Lo peor fue que a la mañana, cuando se levantaba para marcharse, le repitió el ataque, y todo el santo día le daban de hora en hora unos sincopieses tan tremendos, que se quedaba como cadáver, y costaba Dios y ayuda volverle en sí. Le habían dejado en mangas de camisa, porque se quejaba de calor; pero allí estaba la ropa sin que nadie la tocase, ni le afanaran cosa alguna de lo que tenía en los bolsillos. Había dicho el Comadreja que si no se recobraba en la noche, daría parte a la Delegación para que le llevaran al Hospital.
 
Manifestó Benina a la Pitusa que era un dolor mandar al Hospital a tan ilustre señorón, y que ella se determinaría a llevarle a su casa, sí... Hirió la mente de la anciana una atrevida idea, y con la resolución que era cualidad primaria de su carácter, se apresuró a ponerla en práctica con toda prontitud. «¿Quieres oírme una palabrita?—dijo a la Pitusa, cogiéndola por el brazo para sacarla de la cocina.

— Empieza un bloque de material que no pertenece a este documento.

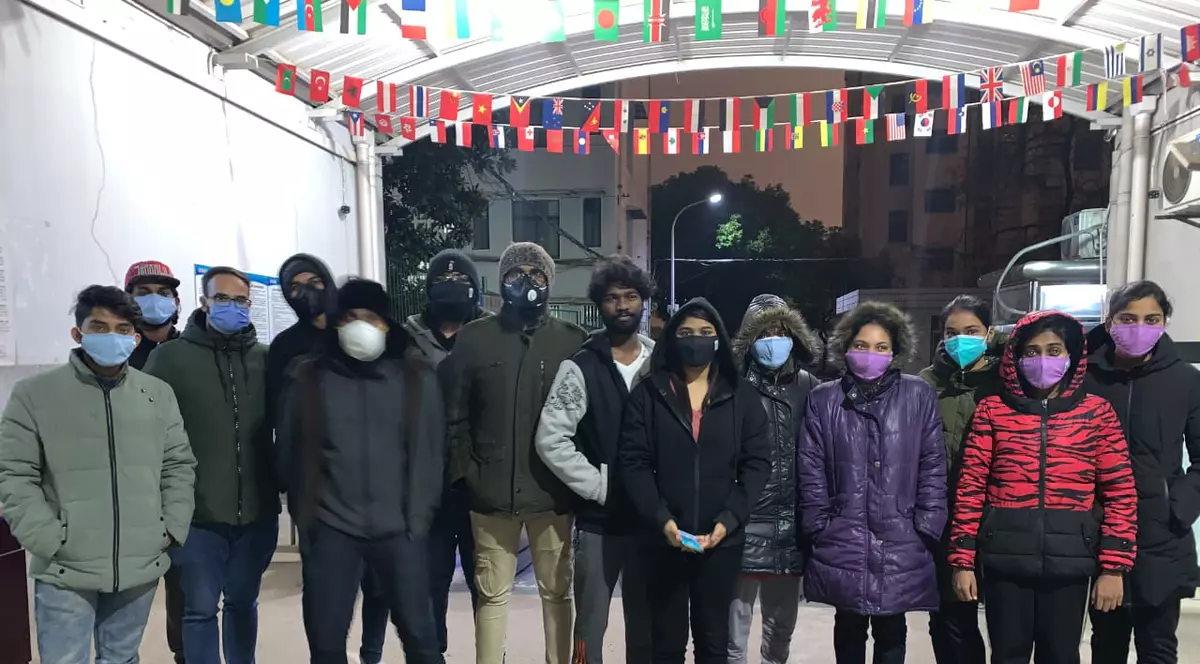 Studenți indieni blocați într-un campus universitar din Wuhan. Mai au alimente doar pentru o zi, dar se tem să iasă de teama coronavirusului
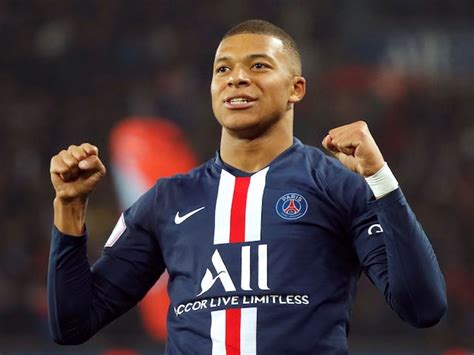 Мбаппе килиан (mbappé kylian) футбол нападающий франция 20.12.1998. Paris Saint-Germain striker Kylian Mbappe 'tested for coronavirus' - Sports Mole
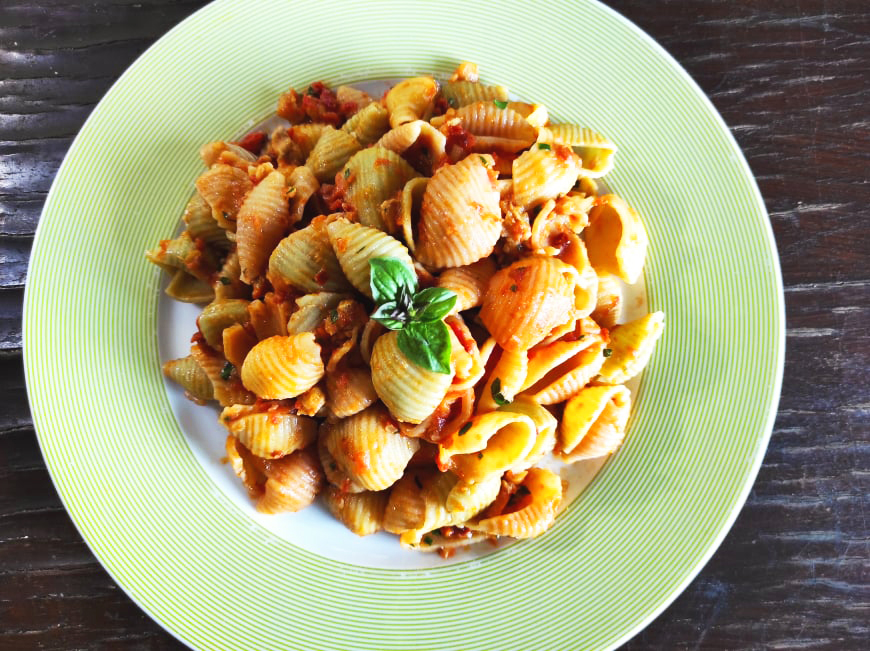 Read more about the article Pasta shells tricolore in protein tomato sauce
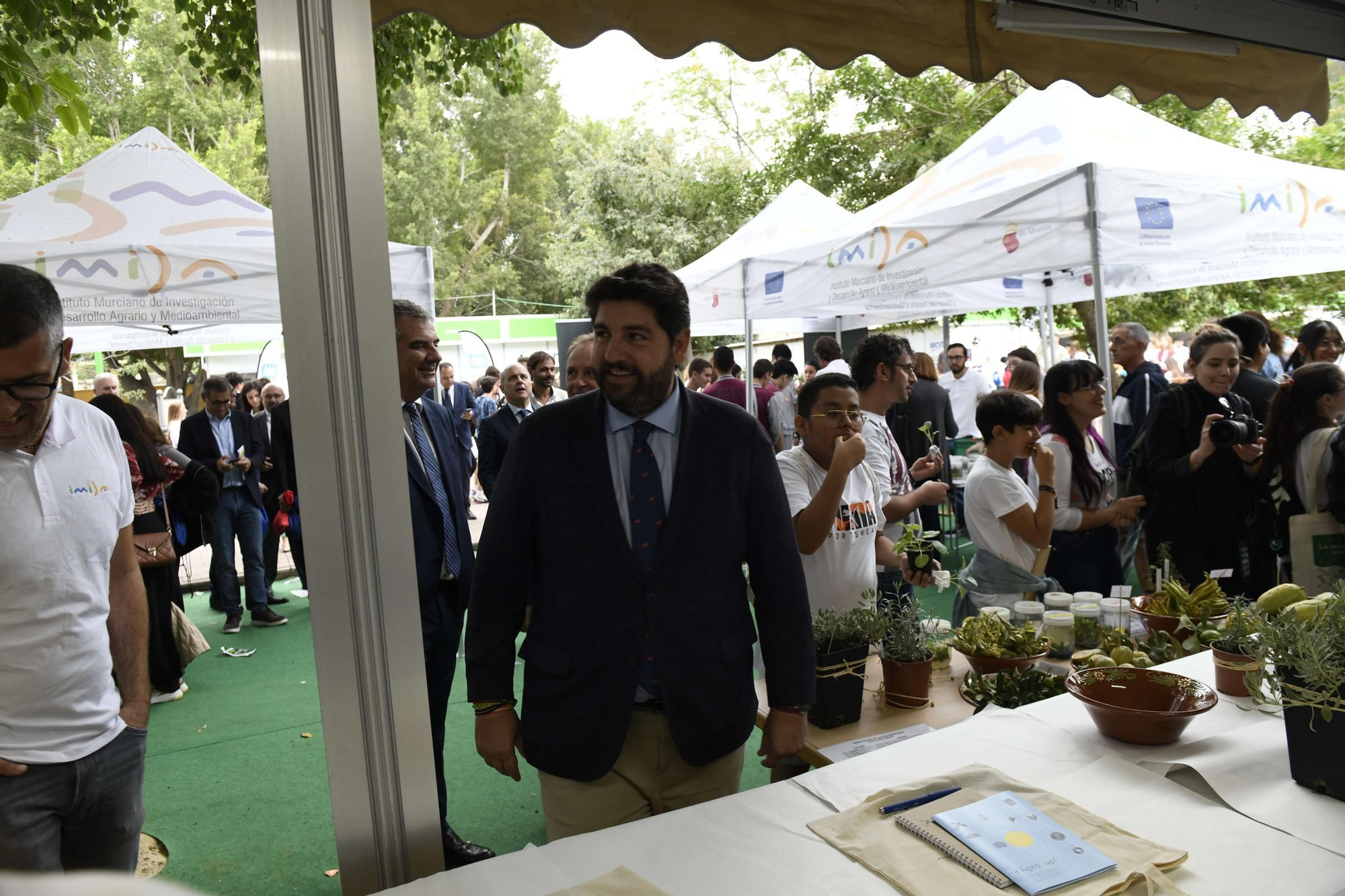 La primera jornada de la Semana de la Ciencia de Murcia, en imágenes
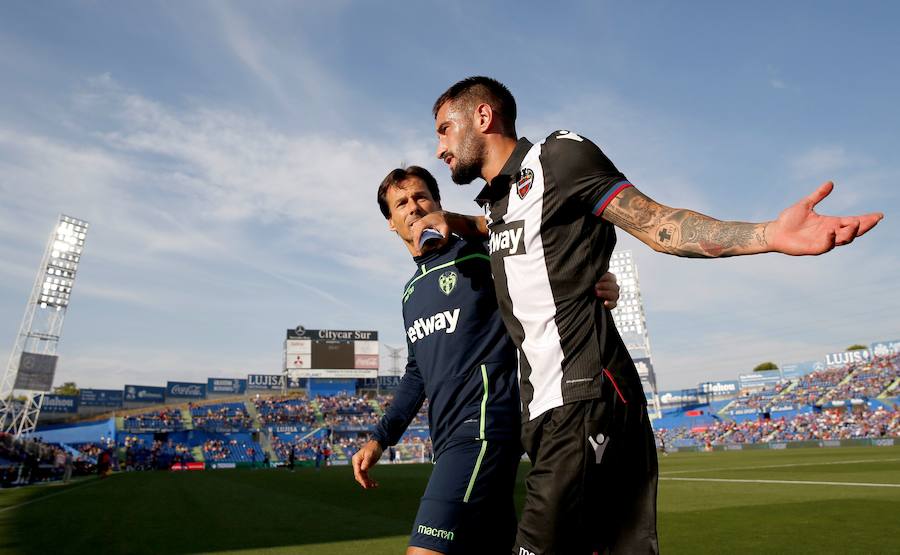 Estas son las imágenes que deja el partido de la octava jornada de Liga en el Coliseum Alfonso Pérez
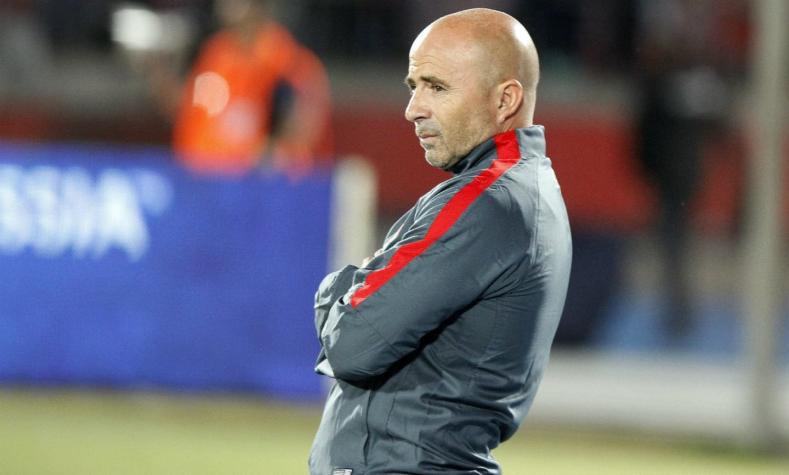 Jorge Sampaoli conduce moto eléctrica, protagoniza video viral y será multado en Brasil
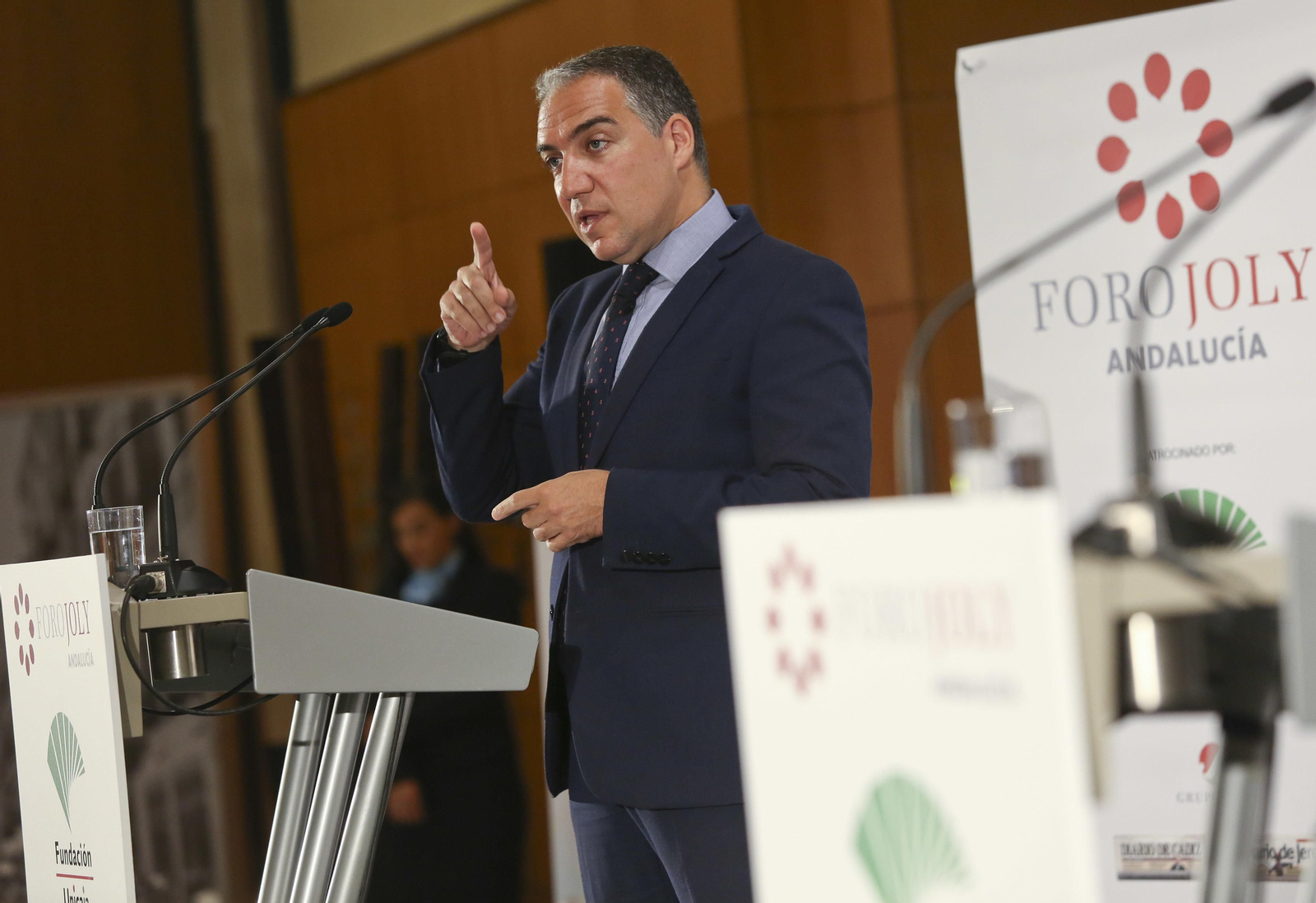 Las imágenes del Foro Joly con Elías Bendodo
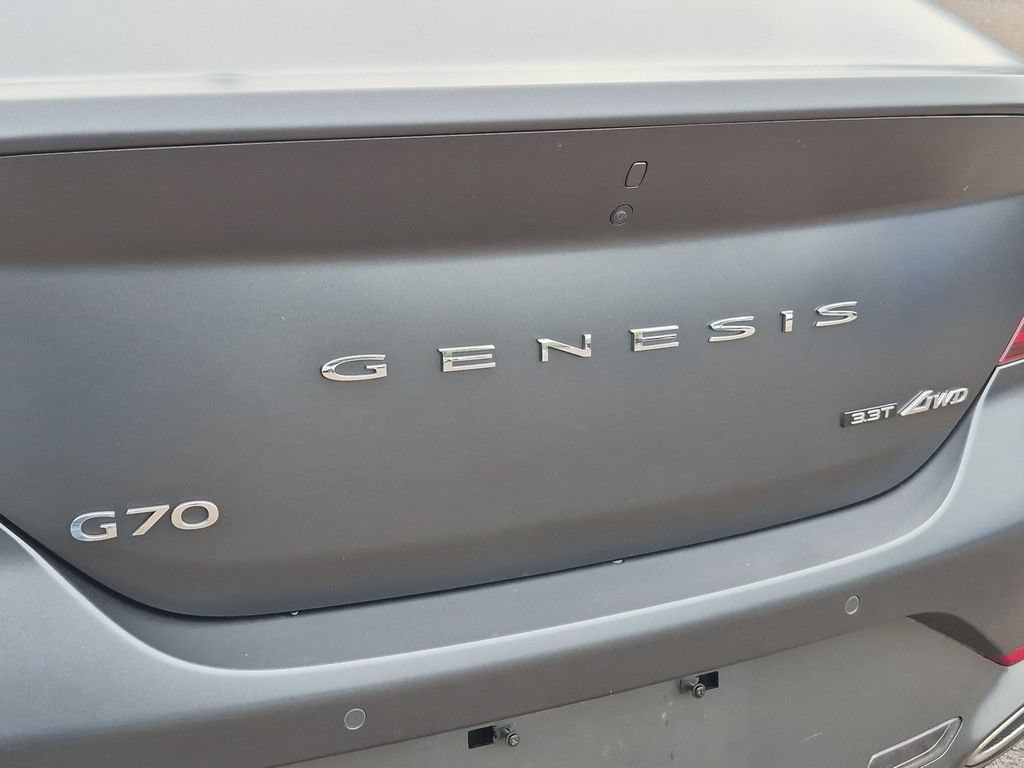 Used 2022 Genesis G70 3.3T Launch Edition AWD/4WD image 32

Y al extremo del pasillo, entraron en la única habitación vividera de la casa: una alcoba con cama camera de hierro, colcha de punto de gancho, espejos torcidos, láminas de odaliscas, cómoda derrengada, y un San Antonio en su peana, con flores de trapo y lamparilla de aceite. El diálogo fue rápido y nervioso:
 
«¿Qué se le ofrece?
 
—Pues poca cosa. Que me prestes diez duros.
 
—Señá Benina, ¿está usted en sus cabales?
 
—En ellos estoy, Teresa Conejo, como lo estaba cuando te presté los mil reales, y te salvé de ir a la cárcel... ¿No te acuerdas? Fue el año y el día del ciclón, que arrancó los árboles del Botánico... Tú habitabasen la calle del Gobernador; yo en la de San Agustín, donde servía...
 
—Sí que me acuerdo. Yo la conocí a usted de que comprábamos juntas...
 
—Te viste en un fuerte compromiso.
 
—Empezaba yo a rodar por el mundo...
 
—Y rodando, rodando, caíste en una tentación...
 
—Y como servía usted en casa grande, yo calculé y dije: 'Pues esta, si quiere, podrá sacarme'.
 
—Te llegaste a mí con mucho miedo... lo que pasa... no querías levantarte el faldón, y que yo te dejara destapada.
 
—Pero usted me tapó... ¡Cuánto se lo agradecí, Benina!
 
—Y sin réditos... Luego tú, en cuanto hiciste las paces con el del almacén de vinos, me pagaste...
 
—Duro sobre duro.
 
—Pues bien: ahora soy yo la que se ha caído: necesito doscientos reales, y tú me los vas a dar.
 
—¿Cuándo?
 
—Ahora mismo.
 
—¡Mecachis... San Dios! ¡Como no se me vuelva dinero la chimenea de los garbanzos!
 
—¿No los tienes? ¿Ni tu Comadreja tampoco?
 
—Estamos como el gallo de Morón... ¿Y para qué quiere los diez duros?
 
—Para lo que a ti no te importa. Di si me los das o no me los das. Yo te los pagaré pronto; y si quieres real por duro, no hay incomeniente.
 
—No es eso: es que no tengo ni un cuarto partido por medio. Este ganado indecente no trae más que miseria.
 
—¡Válgate Dios! ¿Y...?
 
—No, no tengo alhajas. Si las tuviera...
 
—Busca bien, maestra.
 
—Pues bueno. Hay dos sortijas. No son mías: son del Rey de Bastos, un amigo de Rumaldo, que se las dio a guardar, y Rumaldo me las dio a mí.
 
—Pues...
 
—Si usted me da su palabra de desempeñarlas dentro de ocho días y traérmelas, pero palabra formal, ¡San Dios! lléveselas... Darán los diez por largo, pues una de ellas tiene un brillante que da la catarata».
 
Poco más se habló. Cerraron bien la puerta, para que nadie pudiera fisgonear desde el pasillo. Si alguien lo hiciera, no habría oído más que un abrir y cerrar de los cajones de la cómoda, un cuchicheo de Benina, y roncas gárgaras de la otra.